The faces of the committee members have changed many times in the last 71 years but the motive to oppose fascism has, I think, remained constant. I would suggest that the Nobel Peace Prize winners, particularly since 2001, have demonstrated the committee’s increasing fear of America’s descent into fascism.


In 2001, the prize went to Kofi Annan who had capped his service as Secretary General of the United Nations by opposing the Bush Administration’s imperialist militarism. In 2002, as the Bush Administration gear up for an unjustified, ill-planned and ill-executed war against Iraq, the prize went to former President Jimmy Carter for his 21 years of work toward world-wide democracy and peace. Carter, we should note, has been the neo-fascist’s whipping boy since the day of his inauguration and at no time more than during the Bush Administration. In 2005, as the Bush Administration ginned up nuclear fears for a third war against Iran, the prize committee chose Mohamed ElBaradei, the head of the International Atomic Energy Agency, in good part for his refutations of Bush propaganda. Then in 2007 the Peace prize went to Al Gore for his work in raising awareness of global climate change though no one could miss the rebuke in honoring the man from whom Bush and Cheney stole the 2000 presidential election.


And now we have the selection of President Obama. The president has accepted the prize with characteristic modesty and decency while the neo-fascists scream that he’s done nothing to deserve the prize.

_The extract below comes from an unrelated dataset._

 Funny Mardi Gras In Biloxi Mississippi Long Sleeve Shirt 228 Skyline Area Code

That, however, is only in their blinkered and clouded eyes.

Throughout most of the rest of the world Barak Obama has done many things from addressing the Arab-Israeli conflict in real terms to trying to mitigate the world-wide economic collapse created by American financial pirates. But his greatest achievement is neither his personal history, his understanding of Islam nor his skin color. President Obama has done enormous service to world peace simply by not being George W. Bush or, in fact, any other Republican. Just not being a representative of American fascism is to be worthy of the prize in the eyes of those beyond our borders.

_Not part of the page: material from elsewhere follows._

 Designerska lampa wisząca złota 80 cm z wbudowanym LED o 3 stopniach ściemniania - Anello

And, I believe, the committee that chose him as the 2009 recipient of the Nobel Peace Prize also had in mind another factor that may have moved them to significant haste. You see the Nobel Committee awards the prizes to living persons. I suspect that committee members may have worried that their time might be short. America’s reputation for violence and insanity, its racism, its senseless fetishizing of guns and its history of turning character assassination into actual assassination may have influenced the award while the committee had the chance.

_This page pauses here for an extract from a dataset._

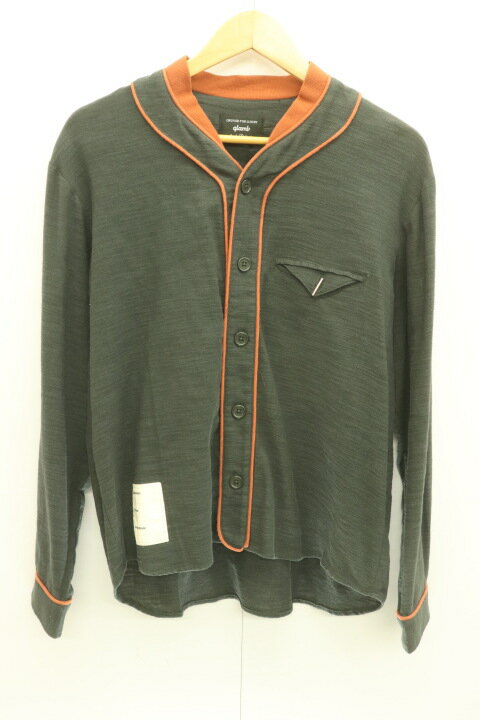 Rakuten - 【中古】 glamb メンズ長袖シャツ 2 Noble baseball SH glamb 2 グレー 灰 無地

The Nobel Committee, I’m sure, wishes President Obama well and long life just as I do. Yet I cannot but think that some members saw the news footage of neo-fascist lunatics bringing pistols and assault rifles to presidential appearances and thought those pictures a prelude to their worst fears for the President.


So I have to conclude that the award of the 2009 Nobel Peace Prize to President Obama was both earned and timely. Earned by the simple fact of his presidency making the world a less dangerous place and timely because we do not know when the next Timothy McVeigh, Byron de la Beckwith or Eric Robert Rudolph incited by a Rush Limbaugh, James Dobson, Fred Phelps or Glenn Beck will target this good man.


If those considerations entered into the prize committee’s deliberations I am as ashamed for my country as I am proud for President Obama. I am glad he’s been awarded this honor. After eight years of wishing that my president could live up to even the lowest aspirations of my country I find myself in the position of hoping that my country will rise to the least of President Obama’s expectations for it. However, since this award, we seem to have been bent on demonstrating that Americans generally stand shoulder to shoelace with the president.